====== Record excerpts ======

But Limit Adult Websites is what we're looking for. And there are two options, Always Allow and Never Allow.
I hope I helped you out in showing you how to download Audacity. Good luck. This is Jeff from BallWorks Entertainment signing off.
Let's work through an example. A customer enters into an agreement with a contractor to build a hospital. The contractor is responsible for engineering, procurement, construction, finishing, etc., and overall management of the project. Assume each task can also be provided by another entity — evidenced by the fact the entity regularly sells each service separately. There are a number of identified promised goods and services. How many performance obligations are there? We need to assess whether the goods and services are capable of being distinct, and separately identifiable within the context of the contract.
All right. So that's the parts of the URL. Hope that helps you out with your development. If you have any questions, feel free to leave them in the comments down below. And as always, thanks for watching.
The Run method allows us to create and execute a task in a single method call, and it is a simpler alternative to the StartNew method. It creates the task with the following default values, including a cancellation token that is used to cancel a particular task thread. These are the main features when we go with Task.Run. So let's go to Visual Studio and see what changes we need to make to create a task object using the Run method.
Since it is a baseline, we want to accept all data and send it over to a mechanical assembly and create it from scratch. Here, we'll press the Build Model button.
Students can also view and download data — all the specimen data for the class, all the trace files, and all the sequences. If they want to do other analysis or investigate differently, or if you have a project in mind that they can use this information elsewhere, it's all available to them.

======
====== Record excerpts ======

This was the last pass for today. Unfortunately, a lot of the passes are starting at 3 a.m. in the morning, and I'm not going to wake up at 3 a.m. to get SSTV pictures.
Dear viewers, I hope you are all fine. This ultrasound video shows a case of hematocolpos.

======
====== Record excerpts ======

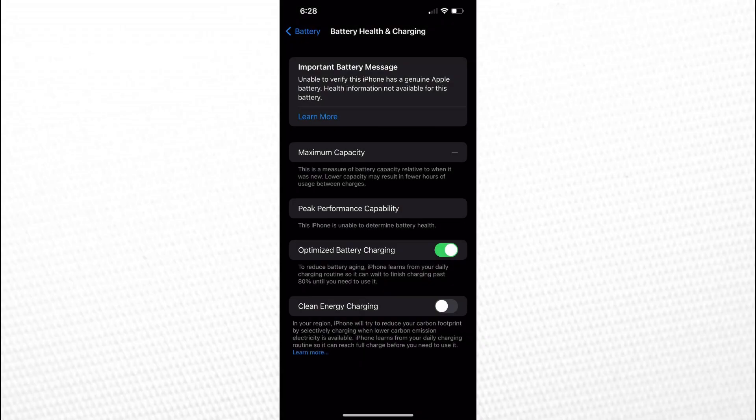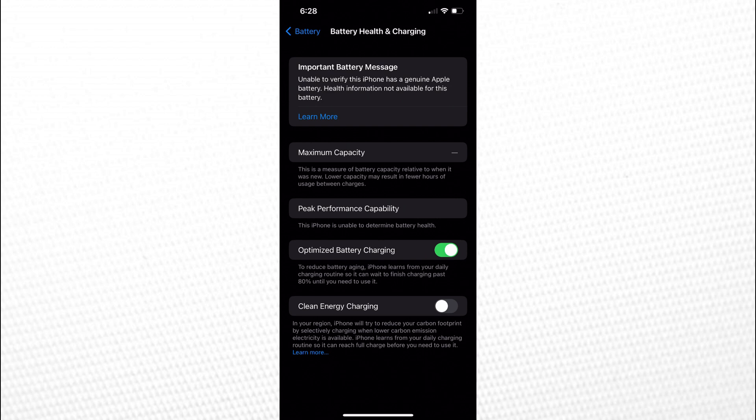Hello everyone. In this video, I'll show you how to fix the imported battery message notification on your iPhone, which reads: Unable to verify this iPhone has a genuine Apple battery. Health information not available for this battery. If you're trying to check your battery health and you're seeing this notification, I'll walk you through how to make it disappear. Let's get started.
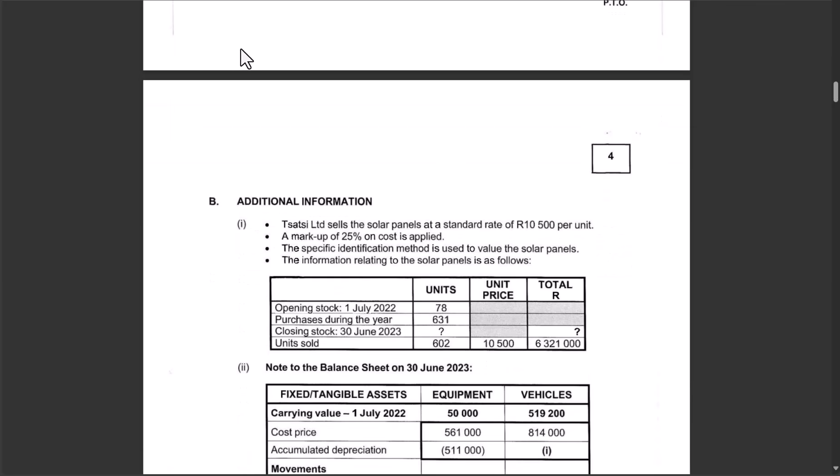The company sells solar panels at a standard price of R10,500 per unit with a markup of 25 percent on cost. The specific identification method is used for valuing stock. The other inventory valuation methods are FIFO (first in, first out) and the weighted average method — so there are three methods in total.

======

* Exercise goal *
Could you transcribe the entries above word for word, from the line with "The Run method allows" down to the line with "Since it is", keeping both?

* Your response *
The Run method allows us to create and execute a task in a single method call, and it is a simpler alternative to the StartNew method. It creates the task with the following default values, including a cancellation token that is used to cancel a particular task thread. These are the main features when we go with Task.Run. So let's go to Visual Studio and see what changes we need to make to create a task object using the Run method.
Since it is a baseline, we want to accept all data and send it over to a mechanical assembly and create it from scratch. Here, we'll press the Build Model button.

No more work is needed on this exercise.